When fence_scsi attempts to fence a node (ie. remove a node's key from all devices), the agent first checks to see that the key to be removed is actually registered with the device. The reason for this is that if the key to be removed is not registered with a device, it will appear that fencing failed, when in reality there was nothing to do (since the key was not registered). This check is done by getting a list of keys registered with a device and storing the list in a hash. This hash needs to be cleared each time we get a new list of keys for a device, otherwise we may have stale data in the hash. This could cause fence_scsi to incorrectly report failure.

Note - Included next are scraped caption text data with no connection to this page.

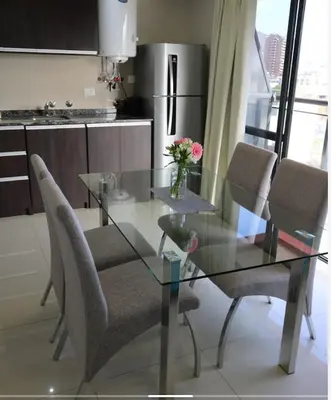 a glass table and chairs in a kitchen at DEPARTAMENTO con PILETA CENTRO CARLOS PAZ in Villa Carlos Paz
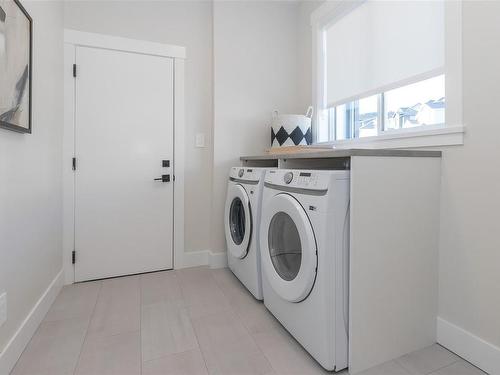 102-2576 Obsidian Pl, Langford, BC - Indoor Photo Showing Laundry Room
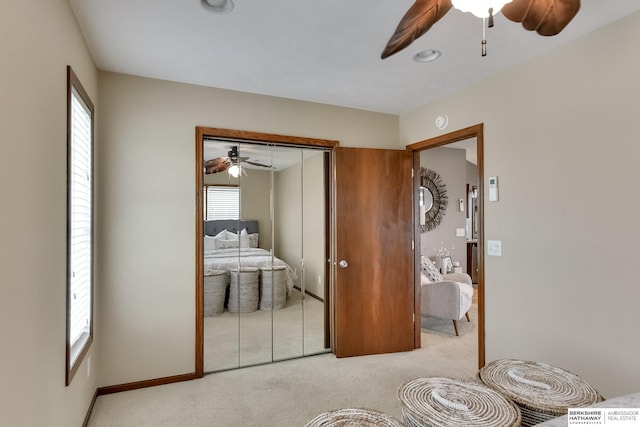 bedroom featuring light carpet, a closet, and ceiling fan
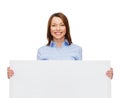 Smiling businesswoman with white blank board Royalty Free Stock Photo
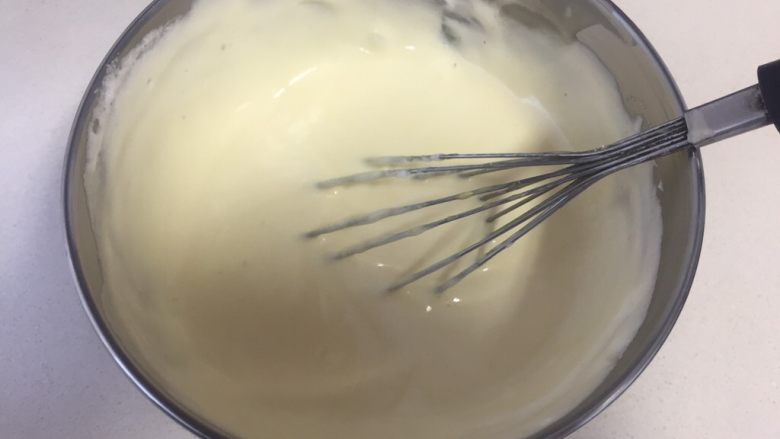 可可旋风瑞士卷（后蛋法）,取出三分之一的蛋白霜到蛋黄糊里，用翻拌的手法把两者混合均匀。
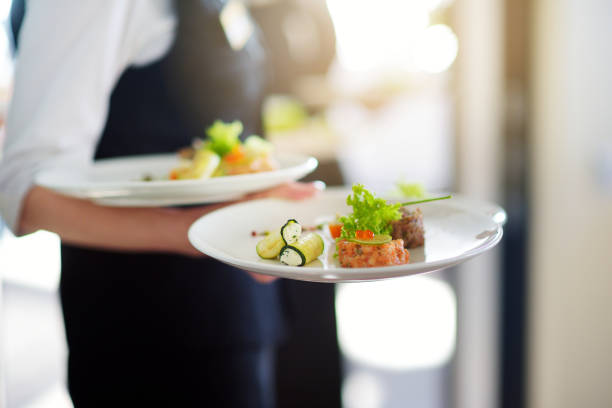 cameriere che porta piatti con piatto di carne in qualche evento festivo - waiter foto e immagini stock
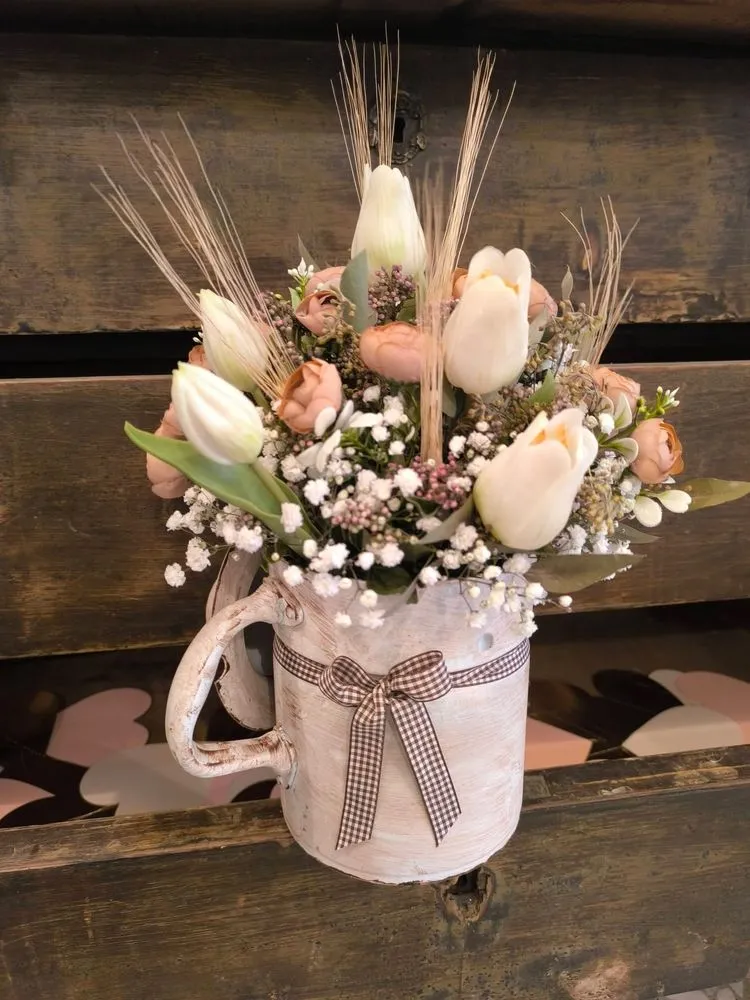Brocca bianca con tulipani, ranuncoli color cipria, gypsophila e spighe, con fiocco a quadretti marroni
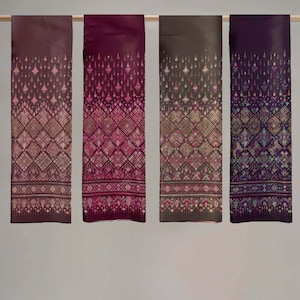 May include: Four rectangular textiles with intricate geometric patterns and ornate designs. The textiles are in shades of burgundy, magenta, and brown, with detailed patterns in pink, gold, and blue. The textiles are hanging from a wooden rod.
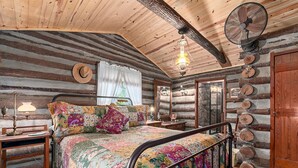 Un dormitorio de cabaña de madera con cama, mesita de noche, lámpara, ventilador y espejo.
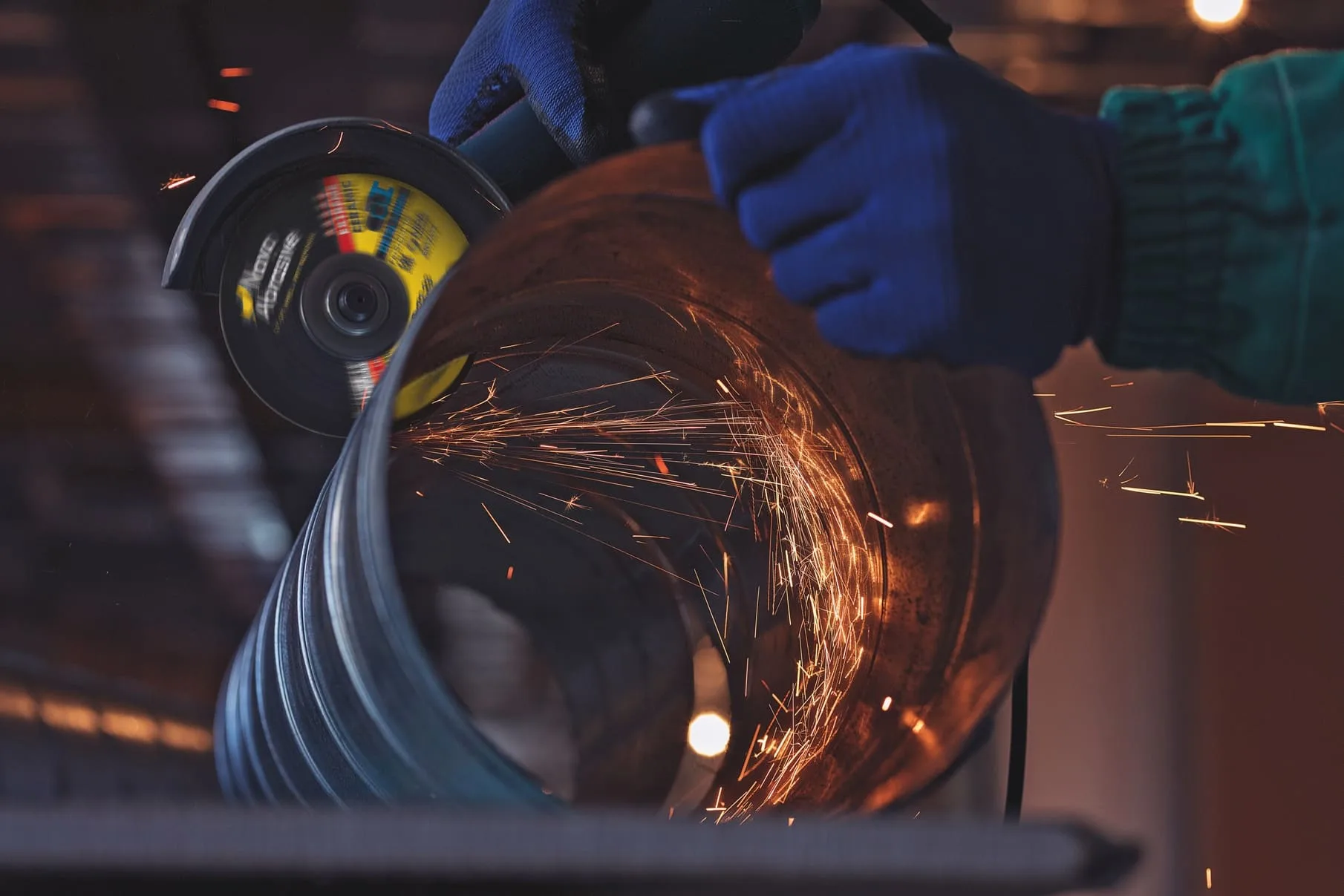 Працівник у повному комплекті ЗІЗ безпечно працює з болгаркою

This request was evaluated by Red Hat Product Management for inclusion in a Red Hat Enterprise Linux maintenance release. Product Management has requested further review of this request by Red Hat Engineering, for potential inclusion in a Red Hat Enterprise Linux Update release for currently deployed products. This request is not yet committed for inclusion in an Update release.
Fixed in RHEL5. Turns out the problem was not that we needed to clear the key_list hash, but that the get_key_list subroutine did not correcntly declare the key_list. Because Perl does dynamic scoping, the undeclared key_list variable was assumed to be global. The result is/was that the key_list hash was never getting updated correctly. Simple, one line fix.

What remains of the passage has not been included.